## Input data
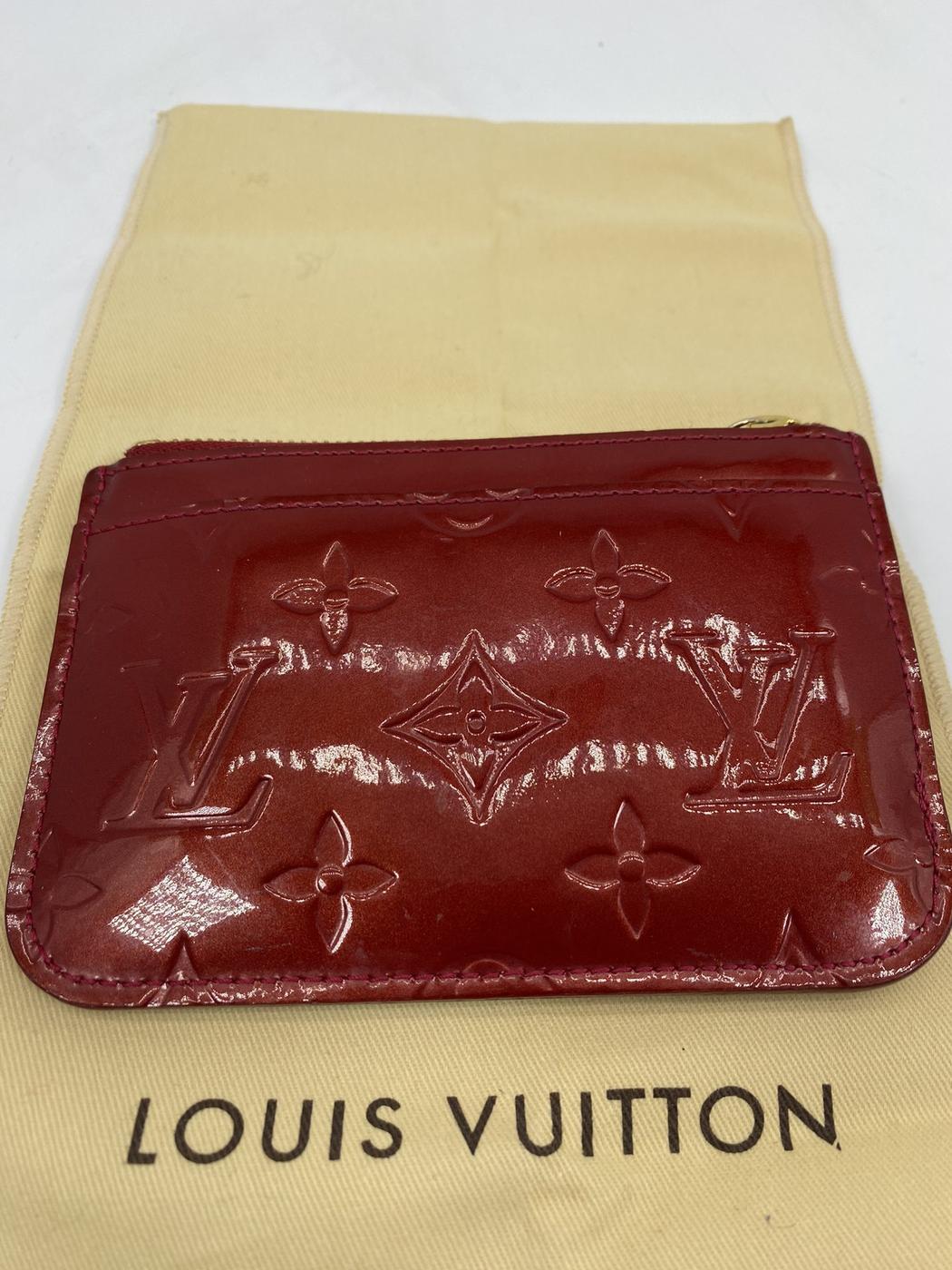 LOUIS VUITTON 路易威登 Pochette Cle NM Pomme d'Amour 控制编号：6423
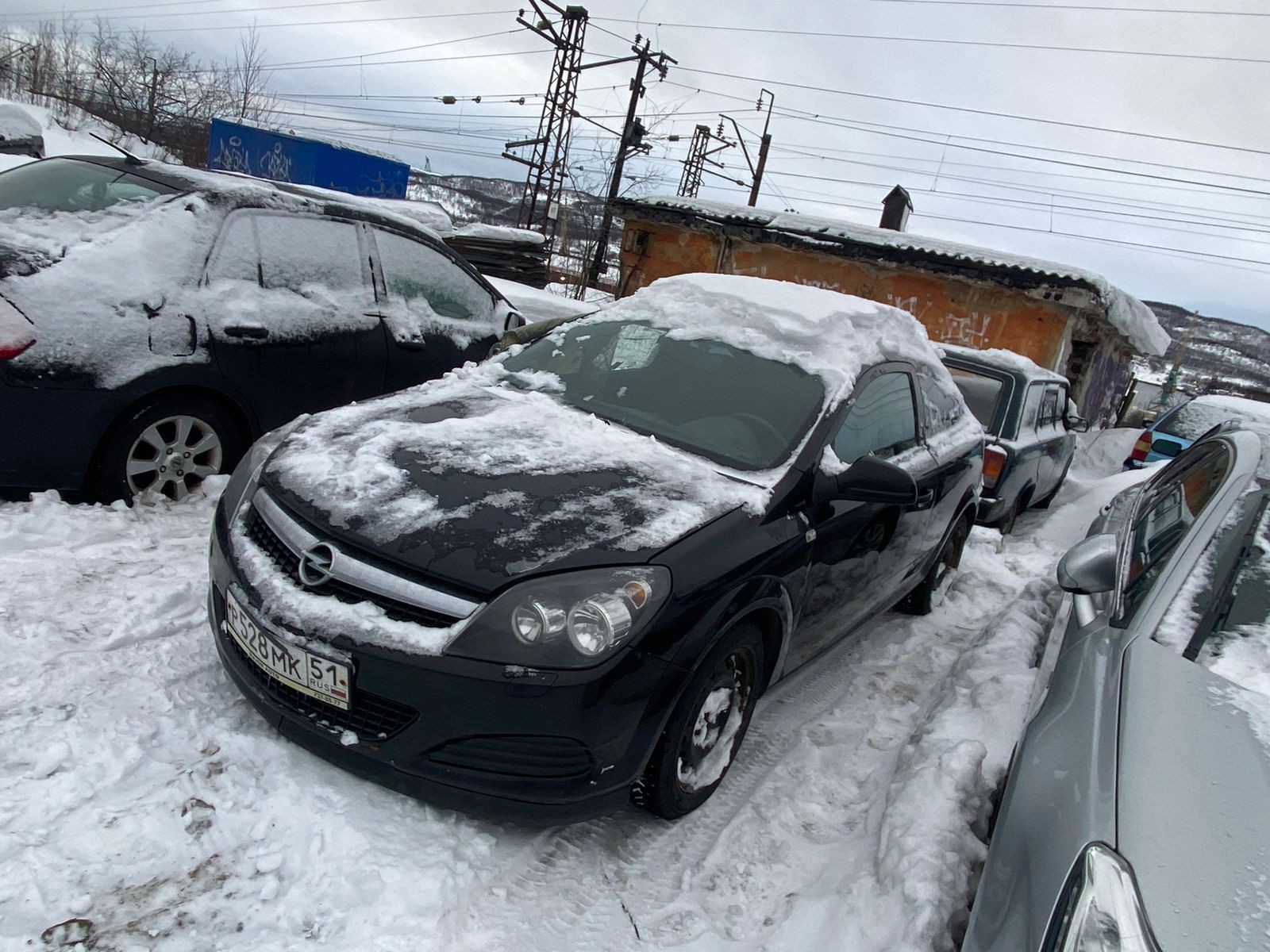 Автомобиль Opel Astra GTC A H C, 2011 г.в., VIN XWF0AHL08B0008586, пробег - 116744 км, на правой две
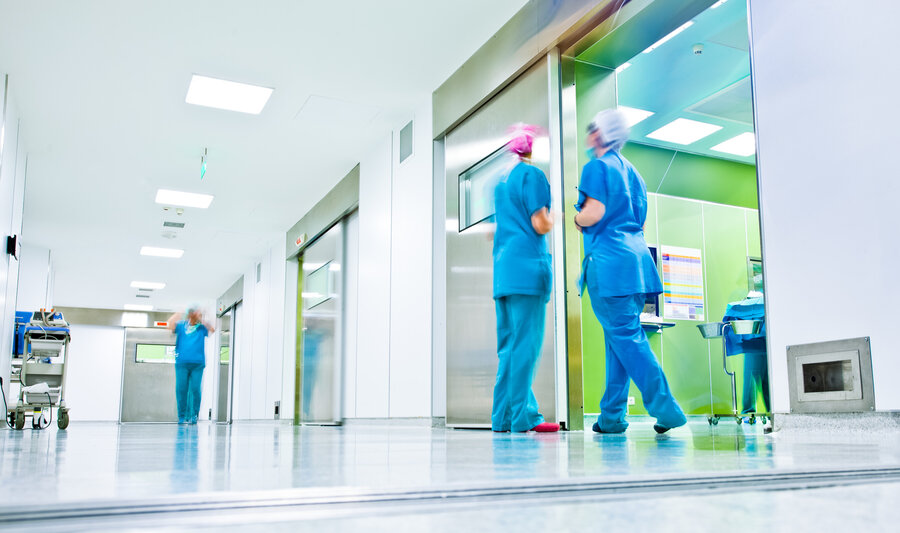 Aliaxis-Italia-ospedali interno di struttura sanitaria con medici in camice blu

## To do
Copy out all the data above exactly, minus the images.

## Output below
 LOUIS VUITTON 路易威登 Pochette Cle NM Pomme d'Amour 控制编号：6423
 Автомобиль Opel Astra GTC A H C, 2011 г.в., VIN XWF0AHL08B0008586, пробег - 116744 км, на правой две
 Aliaxis-Italia-ospedali interno di struttura sanitaria con medici in camice blu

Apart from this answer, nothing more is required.